Il clan Troncone e il controllo delle bancarelle

I sei destinatari delle misure cautelari sono considerati tutti appartenenti al quel che resta del clan Troncone, falcidiato dagli arresti e dalle inchieste: i vertici dell’organizzazione Vitale Troncone e suo figlio Giuseppe sono entrambi in carcere proprio nell’ambito dell’indagine sulle estorsioni ai danni degli ambulanti che vendono sigarette di contrabbando e gadget in occasione delle partite del Napoli allo stadio Maradona.

Il «dazio» imposto ai venditori ambulanti di «botti» per il Capodanno 2025 fa anche registrare lo scontro tra quel che resta dei Troncone e un gruppo camorristico ribelle formato da giovanissimi, quello degli «Scodellaro». La vigilia di Capodanno uno dei ragazzi appartenenti agli Scodellaro, infatti, viene pestato dai Troncone proprio per ragioni legate al controllo delle cosiddette «bancarelle» (ambulanti) a Fuorigrotta, nel quale i baby camorristi intendevano inserirsi a discapito dei Troncone.

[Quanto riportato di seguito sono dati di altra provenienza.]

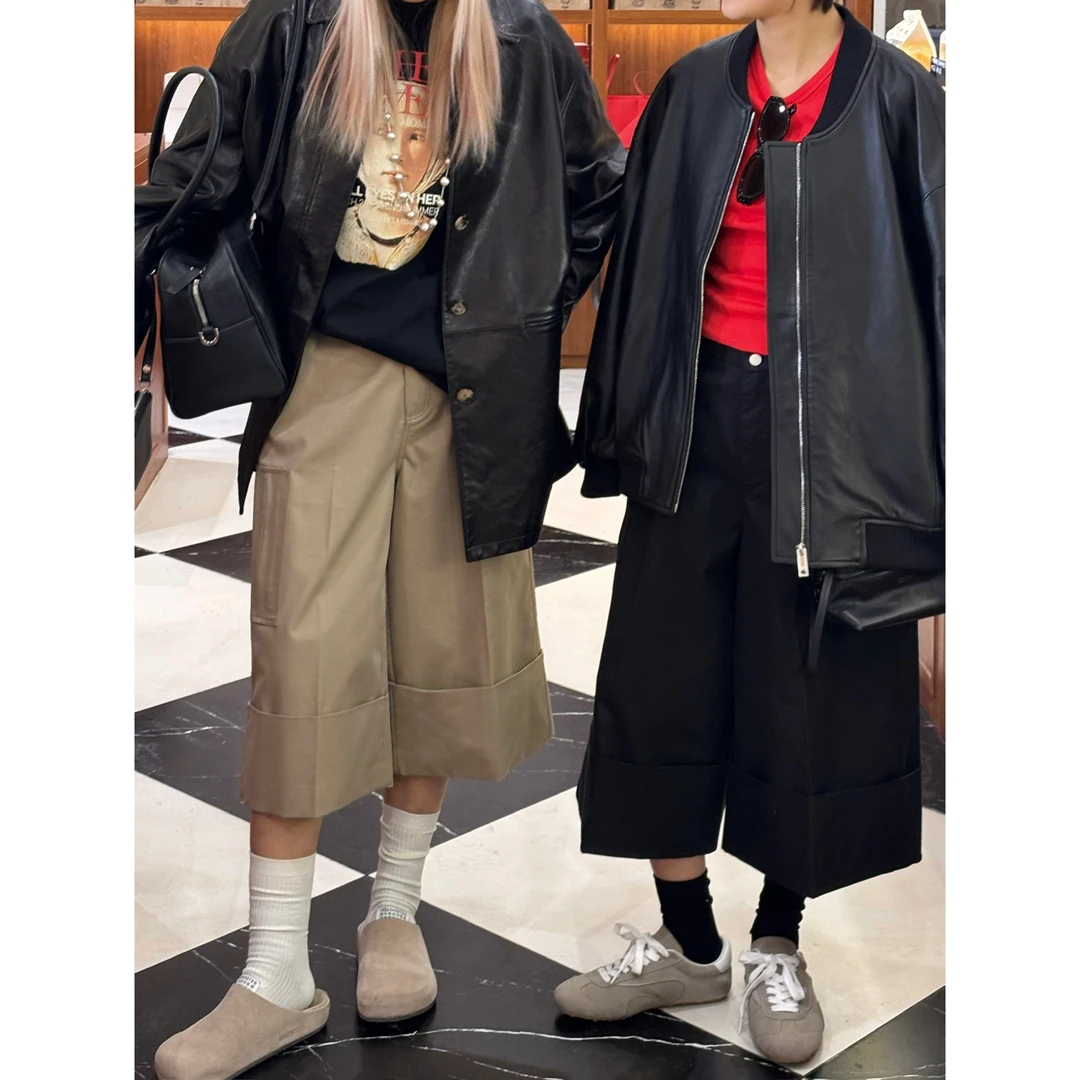 Nannanzhuo 早春复古翻边休闲裤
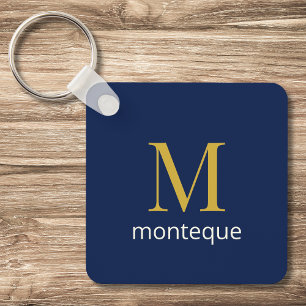 Diepblauw luxe aangepast monogramcadeau voor haar sleutelhanger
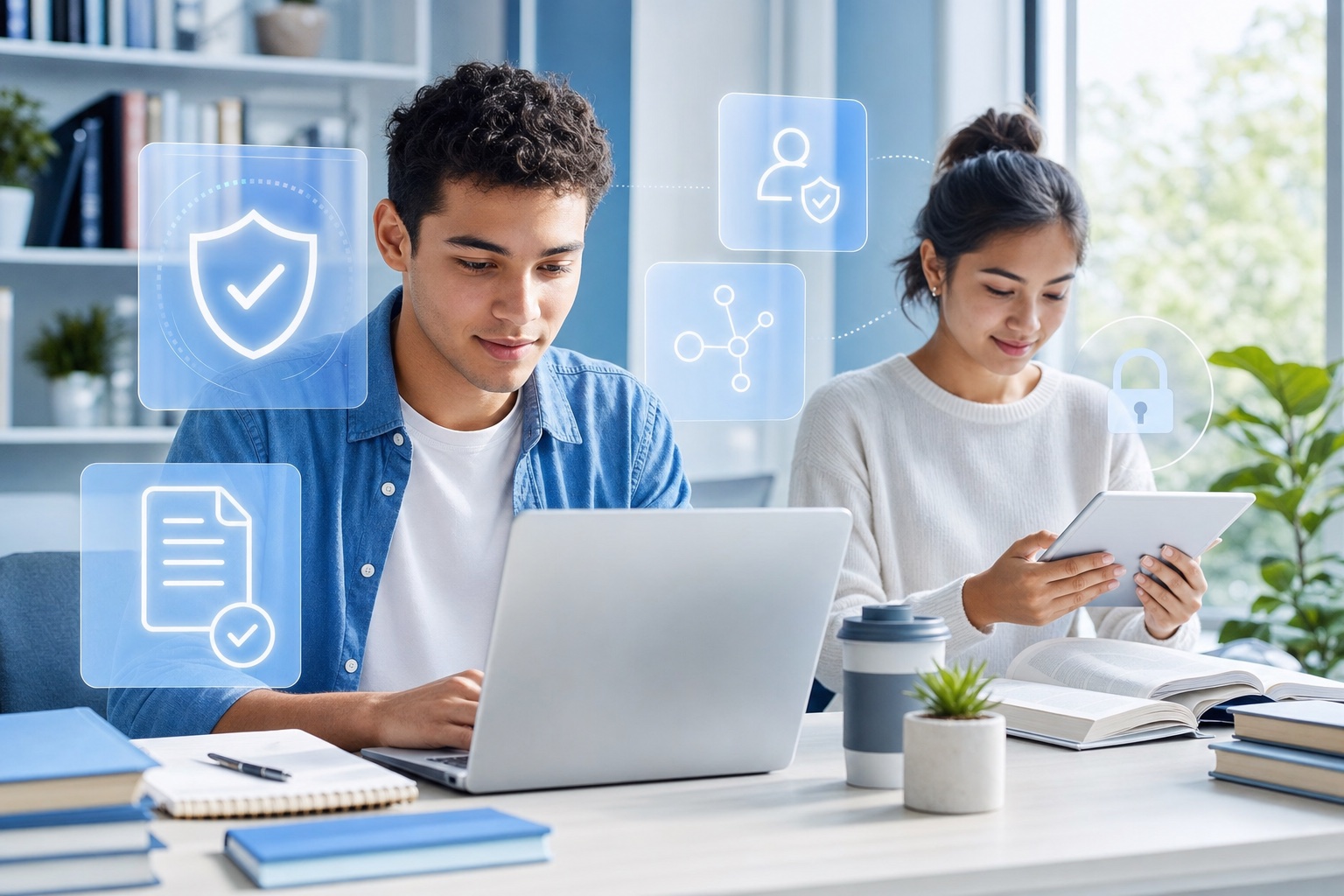 Student using AI responsibly for study support in a calm workspace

Dopo l’aggressione uno degli esponenti dei gruppo Scodellaro, quello picchiato, dopo avere imposto ai venditori di fuochi di artificio di non pagare le tangenti imposte dai Troncone si è vendicato picchiando colui che stava riscuotendo il pizzo per i suoi rivali. La camorra di Fuorigrotta, emerge dall’indagine dei carabinieri, ha chiesto soldi a tutti gli ambulanti: alcuni hanno aderito e altri invece no: ma non l’ha chiesto, riferisce una delle vittime ascoltate dai militari, a colui che aveva denunciato e fatto arrestate i Troncone.